Short text fragments from websites:
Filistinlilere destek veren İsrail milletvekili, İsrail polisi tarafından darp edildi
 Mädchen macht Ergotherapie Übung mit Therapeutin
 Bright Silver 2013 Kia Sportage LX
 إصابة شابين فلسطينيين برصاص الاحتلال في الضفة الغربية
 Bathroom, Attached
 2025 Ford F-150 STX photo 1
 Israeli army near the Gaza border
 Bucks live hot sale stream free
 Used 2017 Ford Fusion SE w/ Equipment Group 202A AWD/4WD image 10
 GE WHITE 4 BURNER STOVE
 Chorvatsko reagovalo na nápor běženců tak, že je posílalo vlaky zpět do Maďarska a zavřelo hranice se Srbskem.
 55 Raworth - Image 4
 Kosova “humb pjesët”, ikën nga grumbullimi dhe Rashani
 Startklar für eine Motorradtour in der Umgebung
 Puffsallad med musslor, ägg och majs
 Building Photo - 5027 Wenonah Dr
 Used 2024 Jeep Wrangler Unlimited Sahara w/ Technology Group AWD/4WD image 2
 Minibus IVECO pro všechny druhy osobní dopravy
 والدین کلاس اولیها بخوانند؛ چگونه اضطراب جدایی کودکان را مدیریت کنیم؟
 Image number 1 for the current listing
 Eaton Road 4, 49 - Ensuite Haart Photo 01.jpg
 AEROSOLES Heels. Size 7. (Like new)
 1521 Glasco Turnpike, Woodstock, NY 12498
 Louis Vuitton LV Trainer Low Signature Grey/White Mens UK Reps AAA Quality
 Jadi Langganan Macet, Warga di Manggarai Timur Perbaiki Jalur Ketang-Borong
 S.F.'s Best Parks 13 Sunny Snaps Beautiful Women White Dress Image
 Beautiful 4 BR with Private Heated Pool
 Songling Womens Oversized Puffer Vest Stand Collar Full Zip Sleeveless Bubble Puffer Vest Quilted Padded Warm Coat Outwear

§ Task:
From the records above, extract every entry exactly as given.

§ Result for this exercise:
Filistinlilere destek veren İsrail milletvekili, İsrail polisi tarafından darp edildi
 Mädchen macht Ergotherapie Übung mit Therapeutin
 Bright Silver 2013 Kia Sportage LX
 إصابة شابين فلسطينيين برصاص الاحتلال في الضفة الغربية
 Bathroom, Attached
 2025 Ford F-150 STX photo 1
 Israeli army near the Gaza border
 Bucks live hot sale stream free
 Used 2017 Ford Fusion SE w/ Equipment Group 202A AWD/4WD image 10
 GE WHITE 4 BURNER STOVE
 Chorvatsko reagovalo na nápor běženců tak, že je posílalo vlaky zpět do Maďarska a zavřelo hranice se Srbskem.
 55 Raworth - Image 4
 Kosova “humb pjesët”, ikën nga grumbullimi dhe Rashani
 Startklar für eine Motorradtour in der Umgebung
 Puffsallad med musslor, ägg och majs
 Building Photo - 5027 Wenonah Dr
 Used 2024 Jeep Wrangler Unlimited Sahara w/ Technology Group AWD/4WD image 2
 Minibus IVECO pro všechny druhy osobní dopravy
 والدین کلاس اولیها بخوانند؛ چگونه اضطراب جدایی کودکان را مدیریت کنیم؟
 Image number 1 for the current listing
 Eaton Road 4, 49 - Ensuite Haart Photo 01.jpg
 AEROSOLES Heels. Size 7. (Like new)
 1521 Glasco Turnpike, Woodstock, NY 12498
 Louis Vuitton LV Trainer Low Signature Grey/White Mens UK Reps AAA Quality
 Jadi Langganan Macet, Warga di Manggarai Timur Perbaiki Jalur Ketang-Borong
 S.F.'s Best Parks 13 Sunny Snaps Beautiful Women White Dress Image
 Beautiful 4 BR with Private Heated Pool
 Songling Womens Oversized Puffer Vest Stand Collar Full Zip Sleeveless Bubble Puffer Vest Quilted Padded Warm Coat Outwear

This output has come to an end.